Russland ist unendlich groß, es hat mehrere Klima- und Vegetationszonen. Ca. 148 Mil. Menschen leben dort. Ein Land mit interessanten Menschen, die voll herzlicher Gastfreundschaft sind. Es ist aber auch ein Land mit großen wirtschaftlichen, sozialen und ethnischen Problemen. Denn ca.100 Mill. Russen leben unter der Armutsgrenze. Mit uns Deutschen verbindet sich eine wechselvolle und tragische Geschichte, an vielen Kriegsdenkmälern mit Ehrenwachen überall im Land sichtbar.
Seit 15 Jahren ist Russland auf dem langen Weg zu Demokratie und Menschenrechten, ein Land, das erst langsam lernt, den Wert und die Würde des Menschen zu verstehen und sich der persönlichen Not seiner Bewohner anzunehmen.
Behinderte sind besonders hart betroffen.
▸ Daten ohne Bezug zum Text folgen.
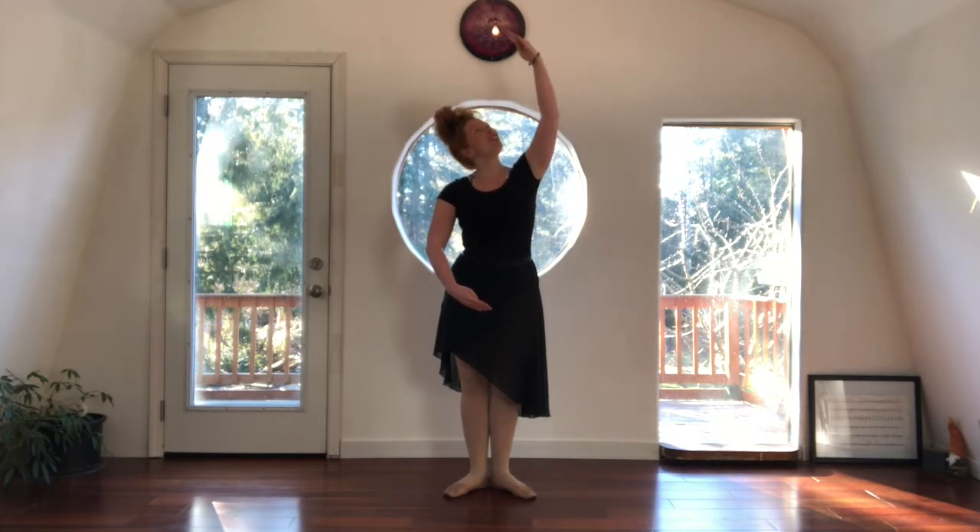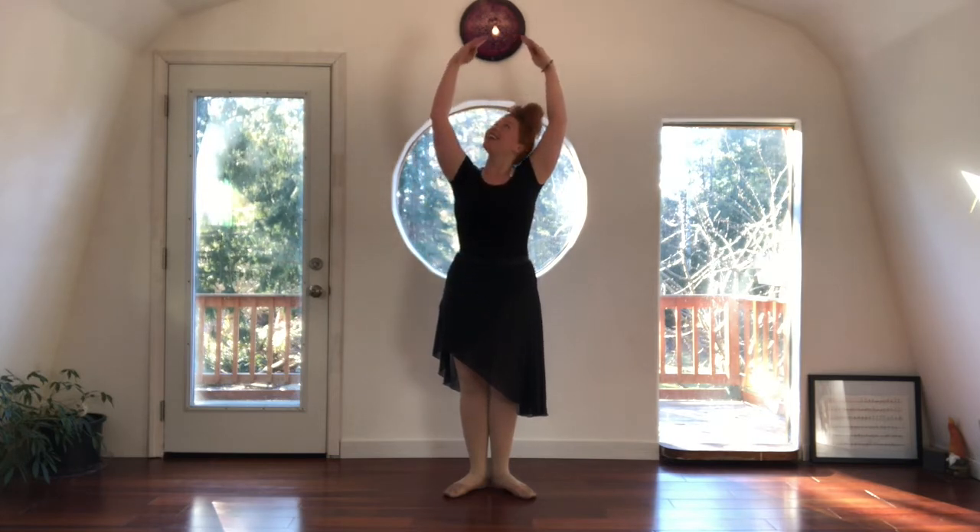Let's bring the right arm up like this, and you can even watch it as you lift it up. Let's bring the left arm up now. And then we'll bring both arms down and out, right back to where we started — first position.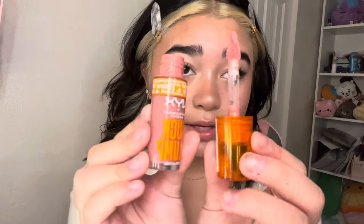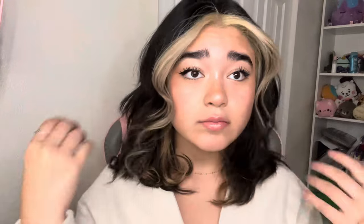I use the NYX Duck Plump gloss in the shade Nude Swings — and that's my makeup! I hope you guys enjoyed. Subscribe if you'd like, have a beautiful day, bye!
Ihrer noch immer verlorenen Situation nehmen sich tatkräftige Menschen in
Dubna (120 km nordwestlich von Moskau) an, zu denen die russische Malteser Gruppe gehört. Ein Netzwerk aus sozialen, musischen und wissenschaftlichen Gruppen bzw. Einrichtungen drüben wie hier möchte mithelfen, Behinderten ihren berechtigten Platz in der russischen Gesellschaft zu erkämpfen.
Möge aus dem neuen Schulprojekt
eine lebendige Partnerschaft mit vielen Begeisterten und persönlichen Kontakten werden, um Schulausbildung, Therapie, Familienhilfe, Völkerverständigung und vieles mehr zu ermöglichen.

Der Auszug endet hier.